Activity: From the first line of the data below through the line bearing "Floral Long Sleeve Top, Main, color, OATMEAL", reproduce each line exactly; do not include pictures.

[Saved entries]
[Start of section]

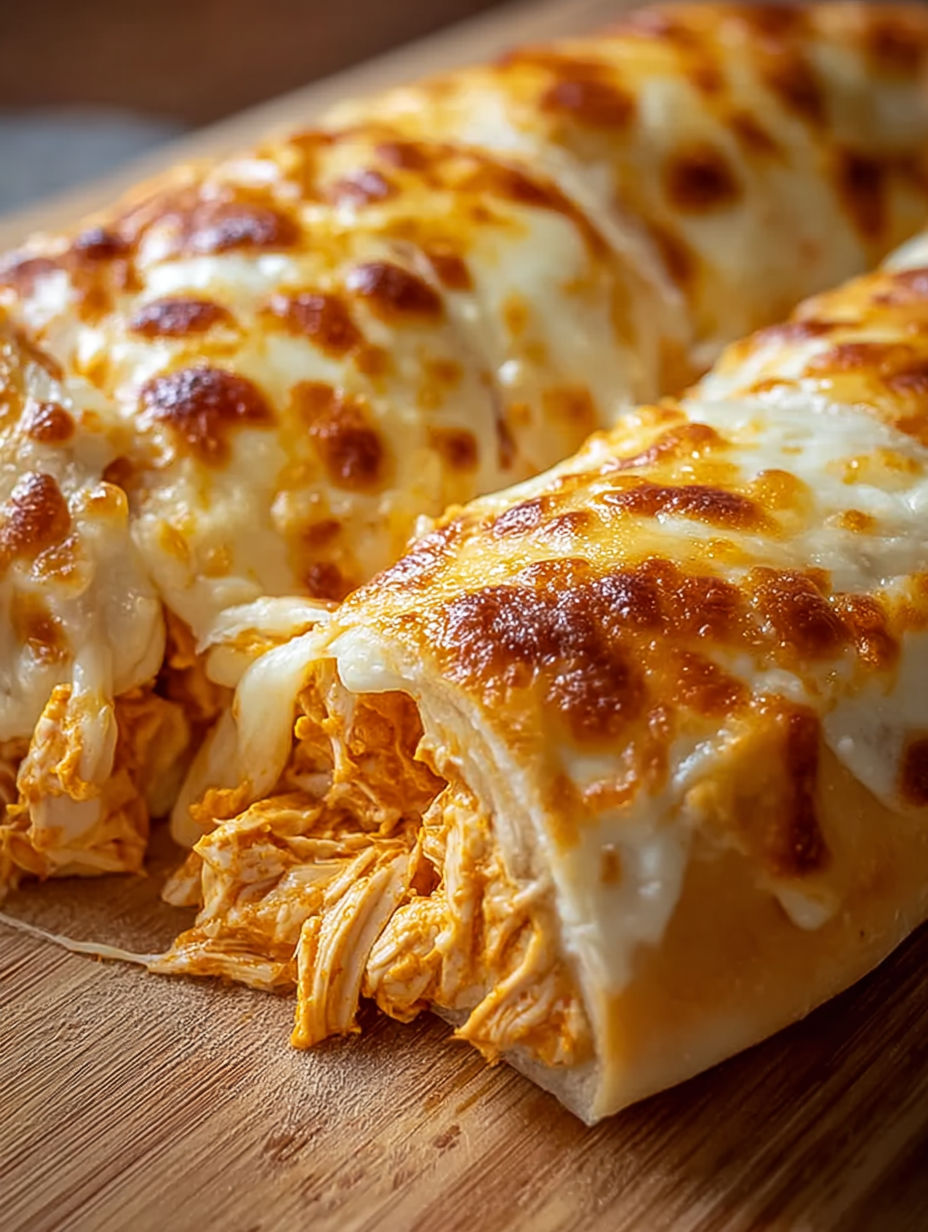A slice of buffalo chicken cheese bake.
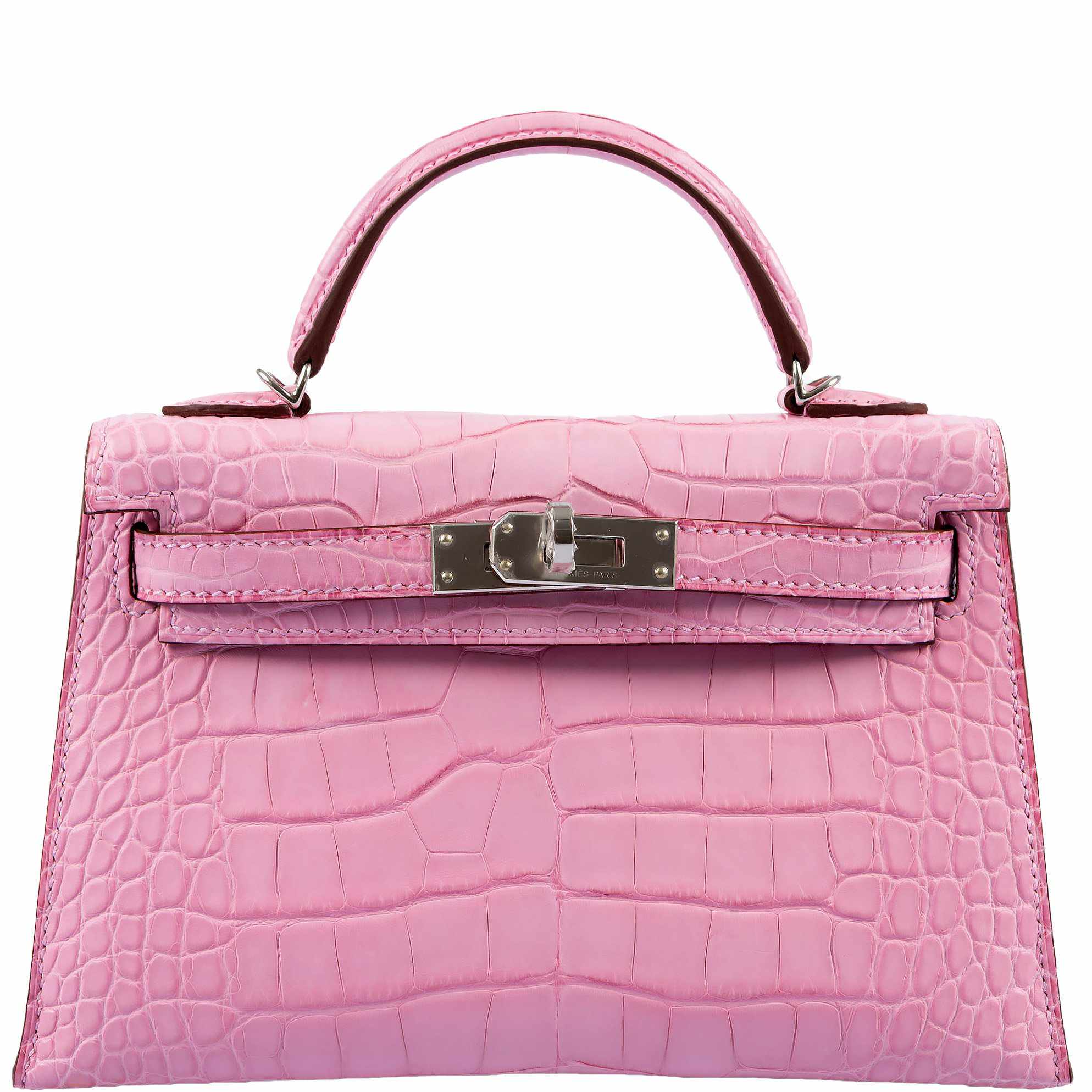 Hermès Kelly 20 Mini II Sellier 5P Bubblegum Matte Pink Alligator Palladium Hardware - 2019, D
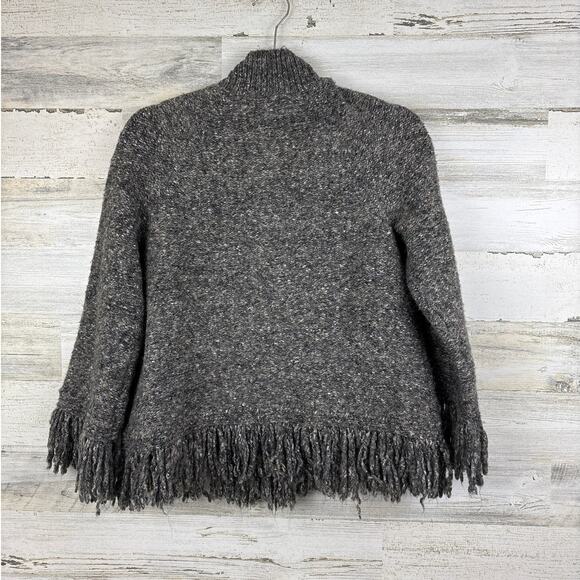 Ruby Rd womens small button up crop gray black boho fringe sweater - Picture 2 of 6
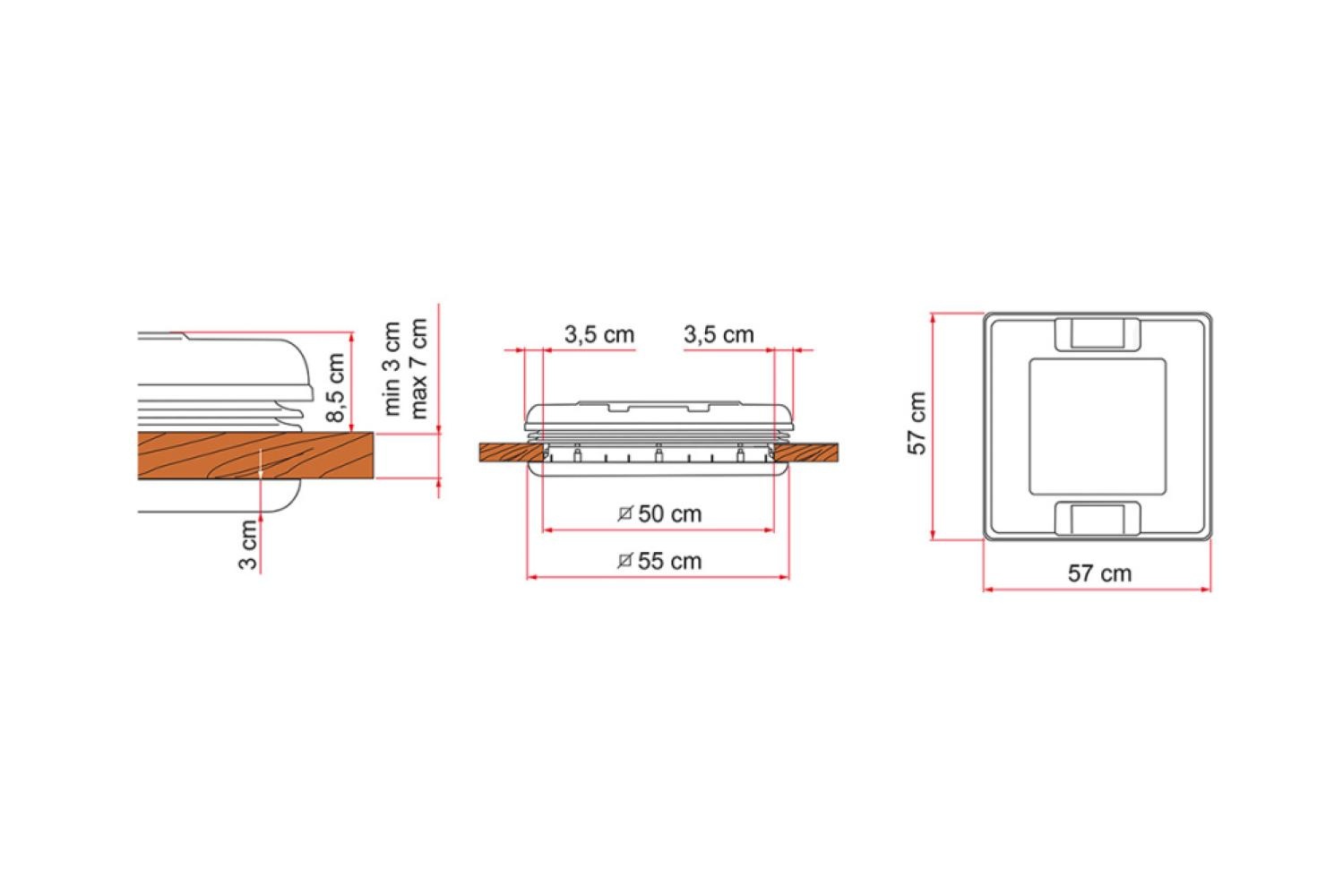 Fiamma Vent 50 Crystal 50x50cm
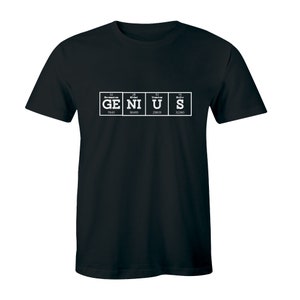 Genius T Shirt Nerd Geek Periodic Table Science Maths Physics Men&#39;s Tee T-Shirt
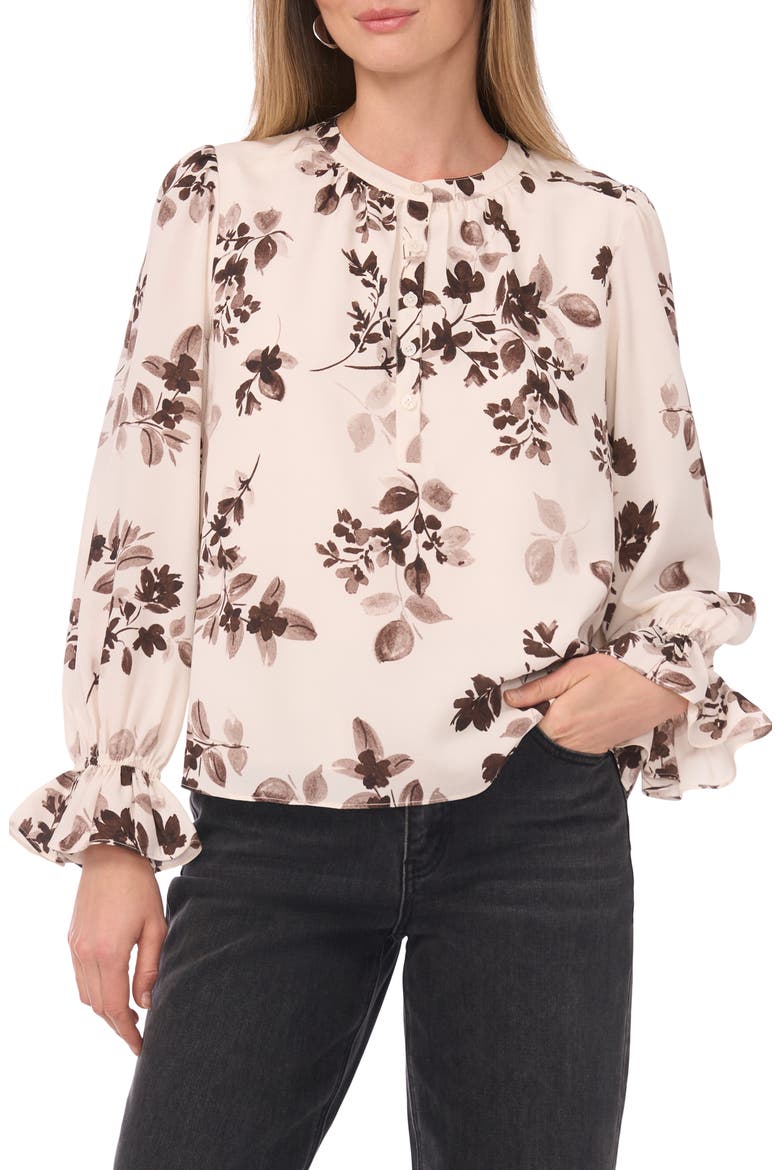 Floral Long Sleeve Top, Main, color, OATMEAL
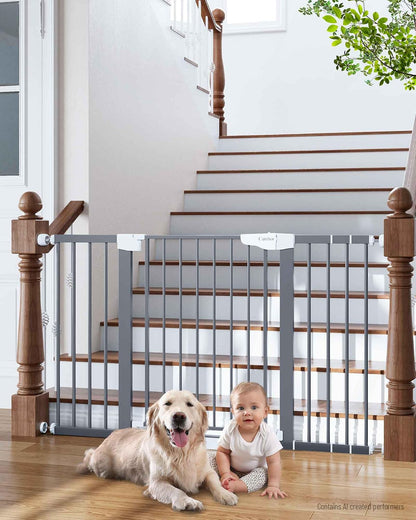 Cumbor 30-46" Baby Gate for Stairs, Mom's Choice Awards Winner-Auto Close Dog Gate for The House, Gifts for Mom, Easy Install Pressure Mounted Pet Gates for Doorways, Black
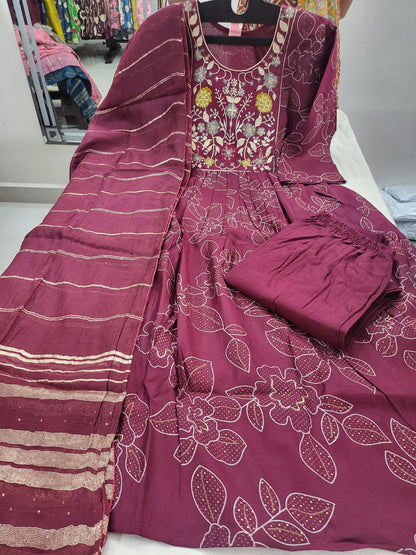 3pc set embroidery mr253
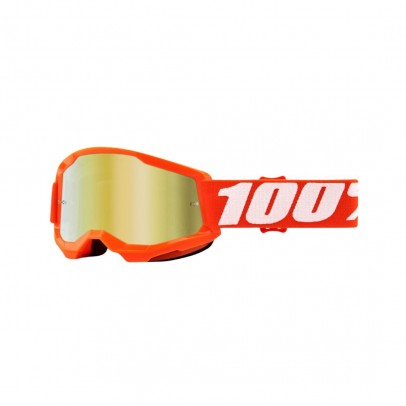 Ochelari 100% STRATA 2 YOUTH JUNIOR ORANGE - Portocaliu/Alb cu lentila oglinda aurie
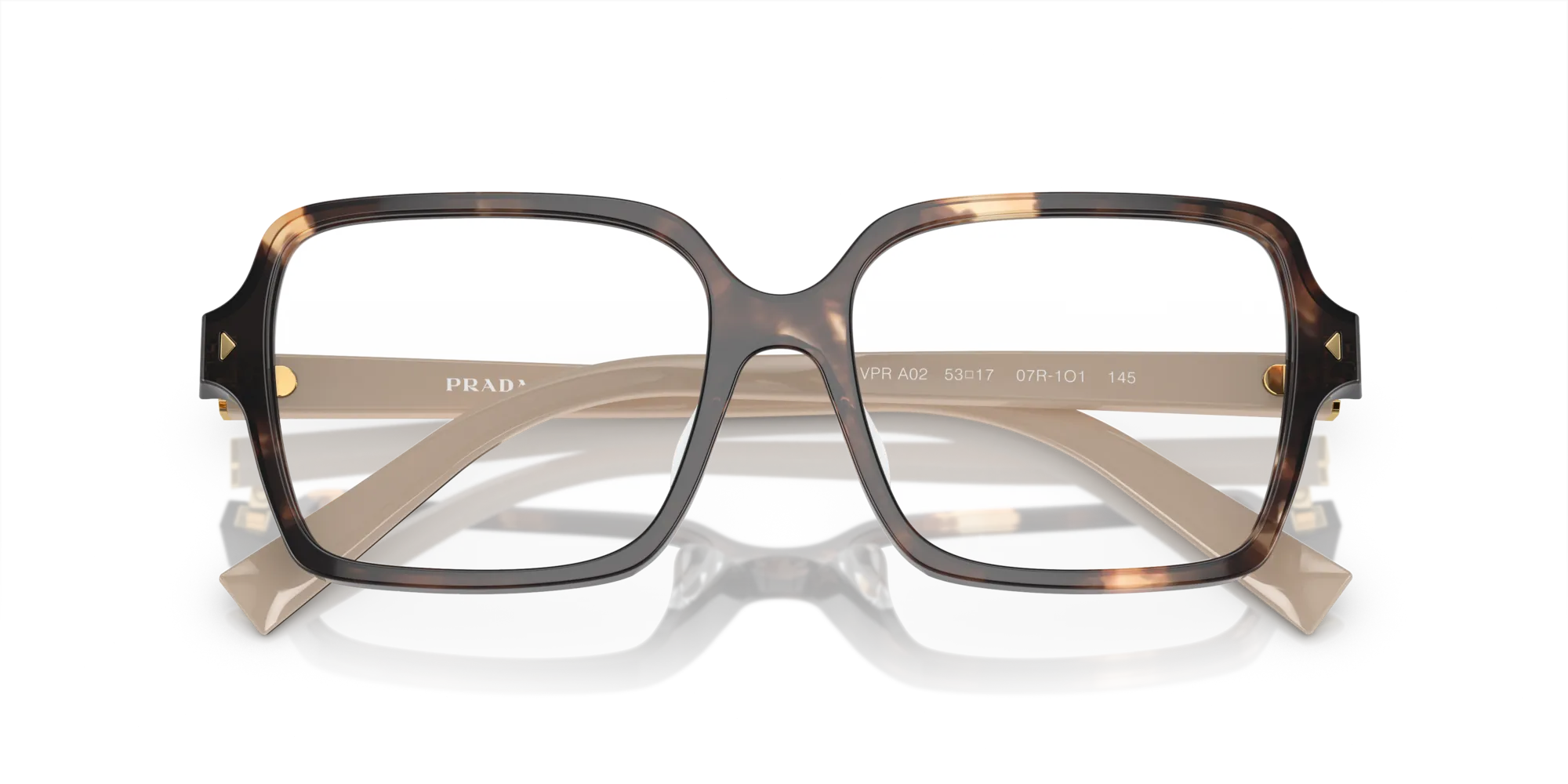Prada PR A02V 07R1O1 Montature da vista Acetato Marrone Pillow Normale - immagine 2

[End of section]

Answer:
A slice of buffalo chicken cheese bake.
 Hermès Kelly 20 Mini II Sellier 5P Bubblegum Matte Pink Alligator Palladium Hardware - 2019, D
 Ruby Rd womens small button up crop gray black boho fringe sweater - Picture 2 of 6
 Fiamma Vent 50 Crystal 50x50cm
 Genius T Shirt Nerd Geek Periodic Table Science Maths Physics Men&#39;s Tee T-Shirt
 Floral Long Sleeve Top, Main, color, OATMEAL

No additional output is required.